# 7 - SNOW
OK I know I said this one would be landscapes but as it snowed over the weekend I thought you would like some ideas about capturing the snow. There's loads - here goes:
- Don't start shooting as soon as you go outside. You must let your camera acclimatise to the cold. Your lens will probably mist up. Also your batteries will run out very very quickly so make sure you take lots of spares with you, warm and snug in your pocket.
- Remember your camera is not as good as your eye and it will see everything as 18% grey. This is because the highly reflective tones of snow confuse your cameras metering. It can cope when an image has everything from black to white but when its just white your camera will underexpose - hence grey snow.
- Override your cameras automatic settings using exposure compensation or by switching it to manual and taking control yourself. Set to plus 1 or 2 stops - depends on how much snow. Some compact cameras have a "snow" setting - use it. It will have already made those adjustments for you and you'll get much better results.
- If you are not sure how many stops adjustment you should make then capture the same shot again and again - make half stop adjustments on each shot.

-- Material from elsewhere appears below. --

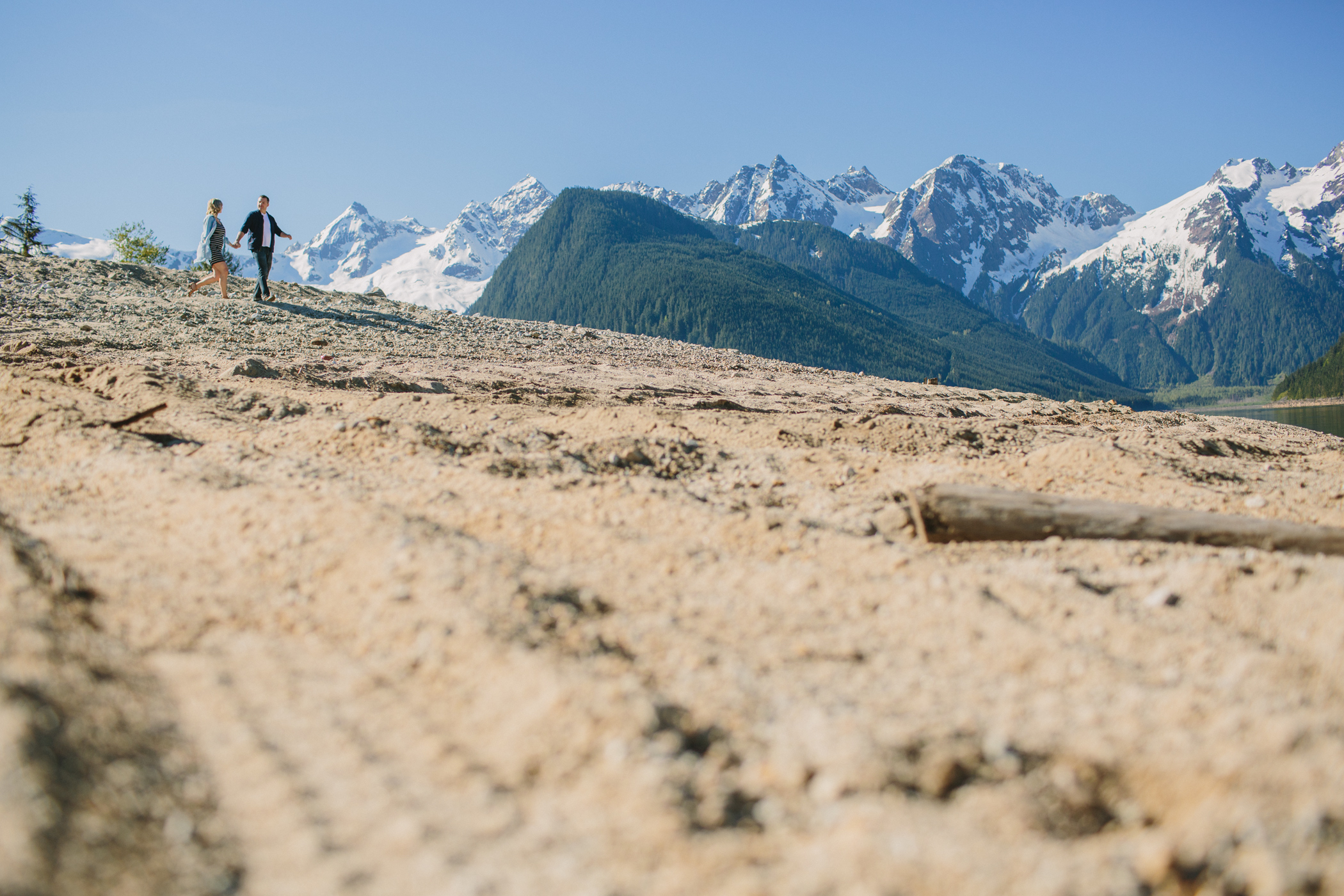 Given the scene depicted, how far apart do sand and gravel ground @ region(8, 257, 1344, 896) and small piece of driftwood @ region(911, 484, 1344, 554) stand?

Review them on the spot to help you decide which is the best setting and use that for future shots. Or leave it till you get home when you have downloaded them to discover which is the most pleasing. With a full range of exposure settings you could try and HDR them - I will discuss this on a future top tip.
- Avoid getting your digital camera wet, so don't go out whilst it is snowing. The snow quickly melts on your camera and the water can easily get into those delicate digital/electronic parts. If you do go out cover up your camera using a plastic bag and put an elastic band around the lens. Perhaps it's time to get your old film camera out!
- Make sure you have details in the shot - trees, walls, hedges - or it will be a bland wash of white. Spiders webs looks great on a darker background, but make sure you get out there before the sun melts the frost.
- Dress warm - protect your fingers.
- Avoid photographing snow when it's an overcast dull day.
- Remember shadows will help you and add depth and interest.
- As always - look for patterns.
- Put sun 45 degrees behind you it will create nice shadows.
- Batteries will run out fast - take plenty of spares.
- Use filters if you have them - graduated ones can give lovely results.
- Take your time, be careful and have fun.